Task details -
Set down every line of the data exactly, skipping the pictures.

Dataset extract -
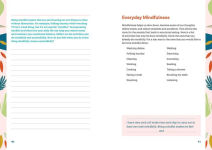 Alternative view 4 of The Journal for Emotional Eating: A Guided Journey to Improve Your Relationship with Food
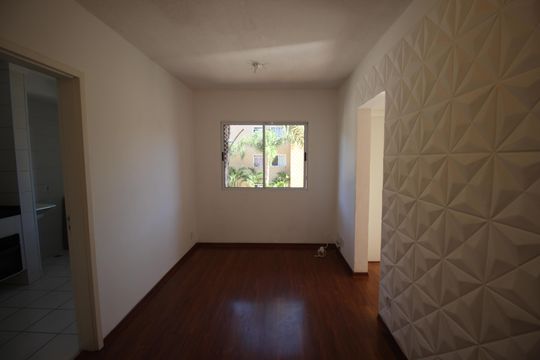 Apartamento para alugar com 2 quartos, 50m² em Jardim Eucaliptos, Sorocaba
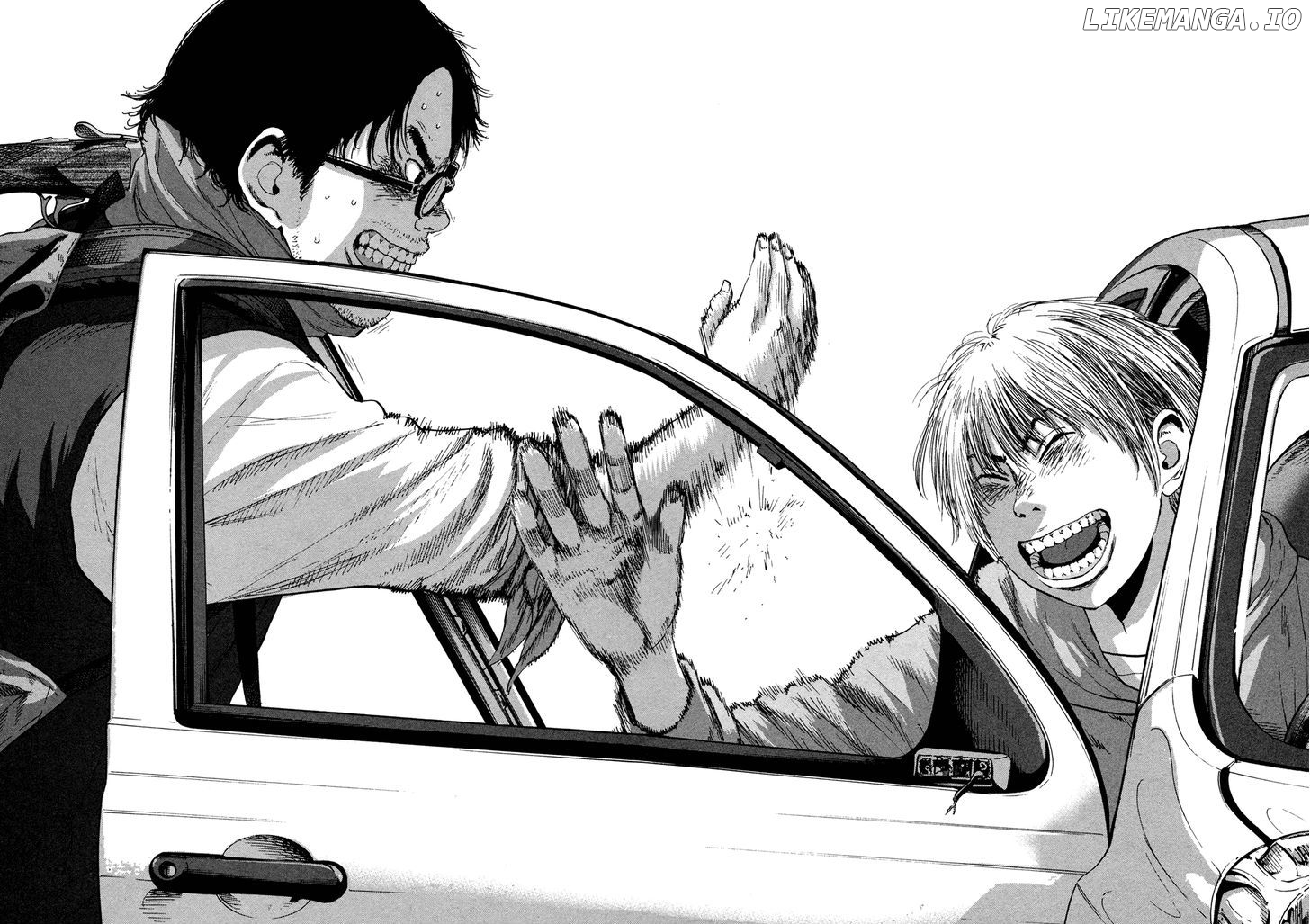 Read I Am A Hero EN Manga Online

Written solution -
 Alternative view 4 of The Journal for Emotional Eating: A Guided Journey to Improve Your Relationship with Food
 Apartamento para alugar com 2 quartos, 50m² em Jardim Eucaliptos, Sorocaba
 Read I Am A Hero EN Manga Online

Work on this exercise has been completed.